13. L’insieme delle disposizioni fa riferimento ai “soggetti danneggiati”, in favore dei quali è riconosciuto un ulteriore indennizzo ex art. 1 e l’assegno una tantum ex art. 4. La ratio dell’assegno è chiaramente retroattiva, in quanto copre il periodo tra il manifestarsi dell’evento dannoso e l’ottenimento dell’indennizzo di cui alla L. n. 210 del 1992, mentre I”ulteriore indennizzo” di cui all’art. 1 della legge va ad incrementare quello di cui il soggetto è titolare e quindi concorre con questo con la stessa decorrenza.

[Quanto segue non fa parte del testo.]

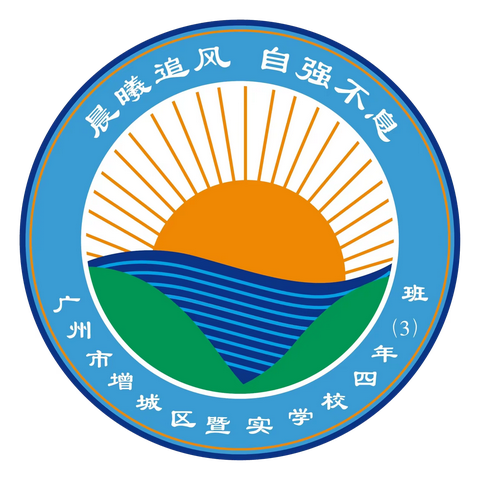 【403晨曦班】心守朝阳，奋发向上——广州市增城区暨实学校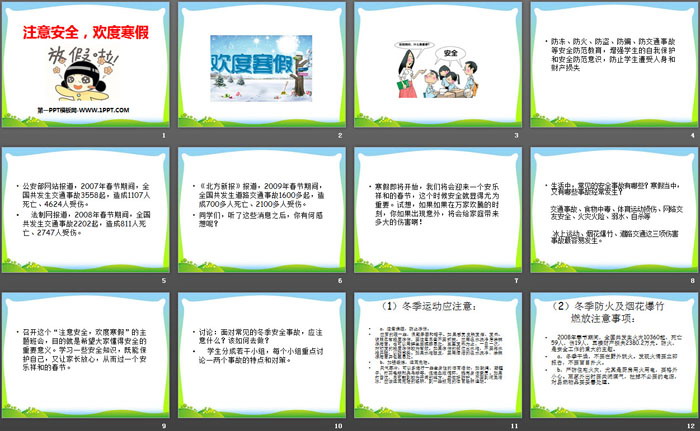 《注意安全，欢度寒假》PPT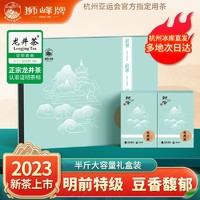 百亿补贴：狮峰 牌特级明前龙井茶叶礼盒装杭州春茶半斤大量装新茶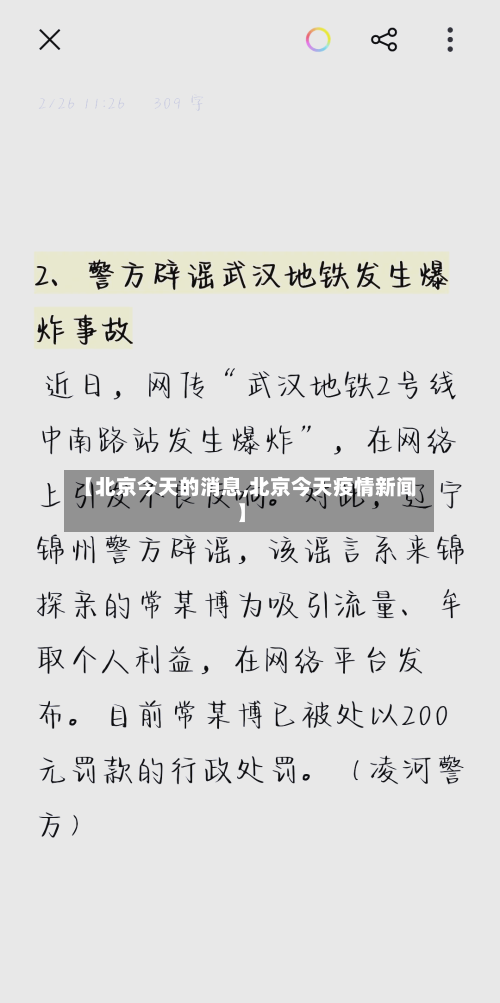 【北京今天的消息,北京今天疫情新闻】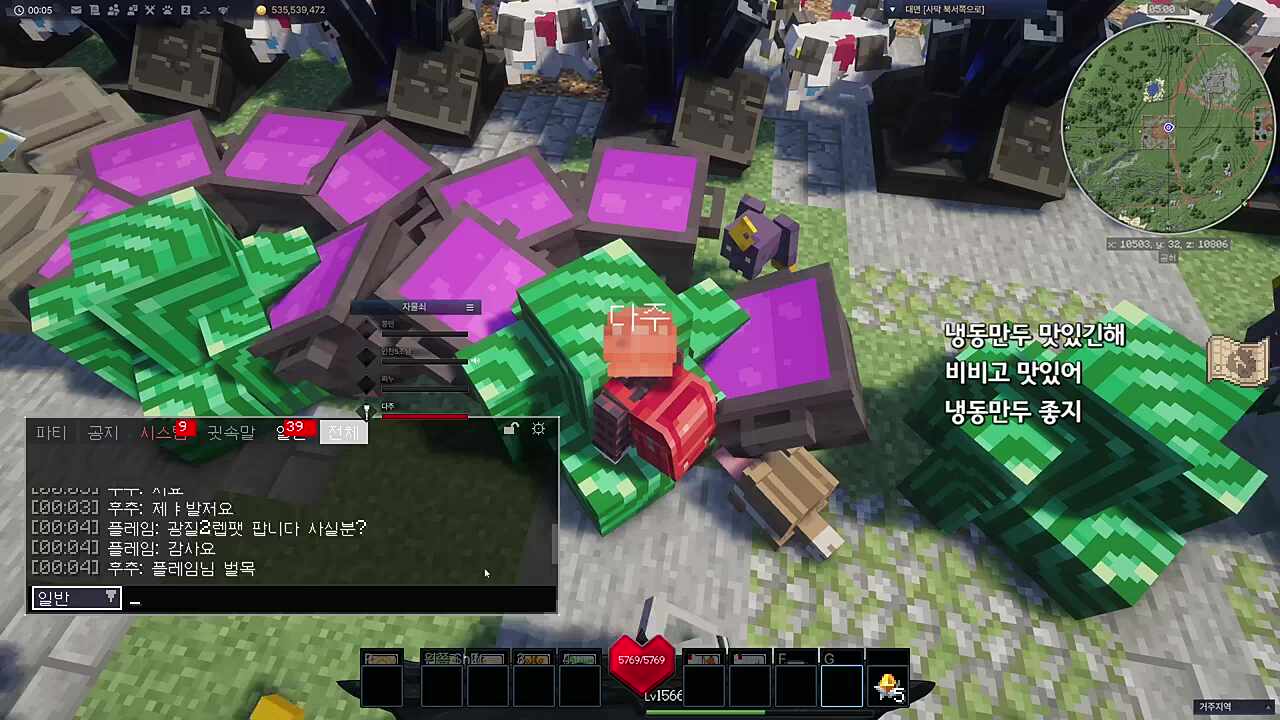 너불이가 완화해달라고 할 정도면 진짜 어려운가본데?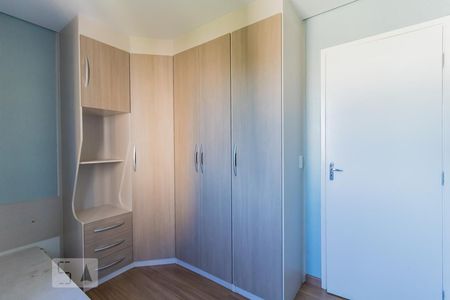 Quarto 1 de apartamento à venda com 2 quartos, 50m² em Jardim Matarazzo, São Paulo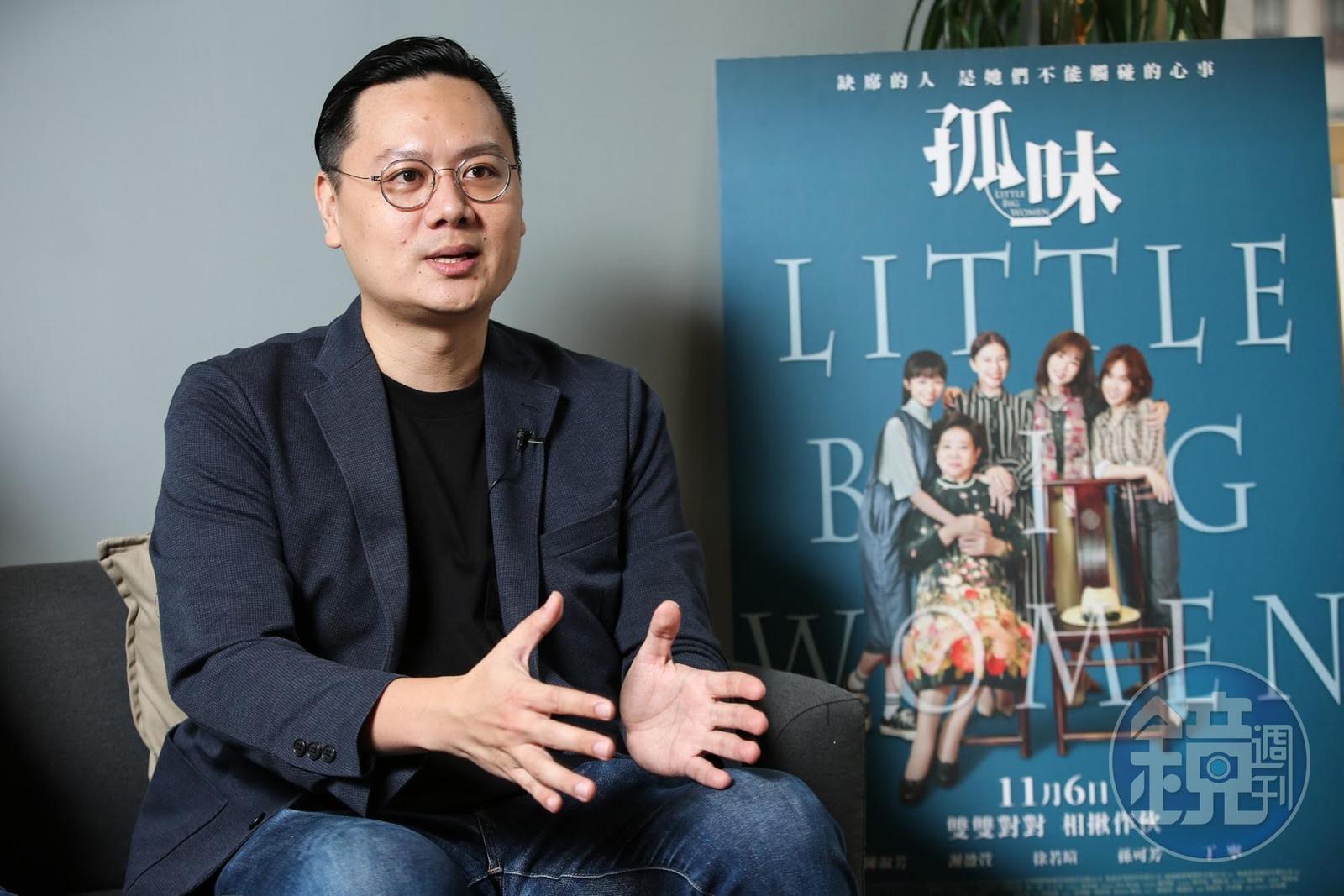 導演許承傑在轉攻電影之前,先從事藝文產業相關工作,從中學習不少經驗。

14. In conclusione, il ricorso va respinto e il Ministero va condannato al pagamento, in favore di P.S. e dei suoi genitori, delle spese del giudizio di legittimità, liquidate come in dispositivo. Le spese sono compensate tra il Ministero e la Regione Toscana.

PQM

La Corte rigetta il ricorso e condanna il Ministero della salute al pagamento della spese del giudizio di legittimità, che liquida in Euro 3.000,00 per compensi professionali ed Euro 100,00 per esborsi, oltre spese generali al 15% e accessori di legge, in favore di P.S., P.P. e F.F.; compensa le spese tra il Ministero della salute e la Regione Toscana.

Così deciso in Roma, nella Camera di consiglio, il 17 maggio 2016.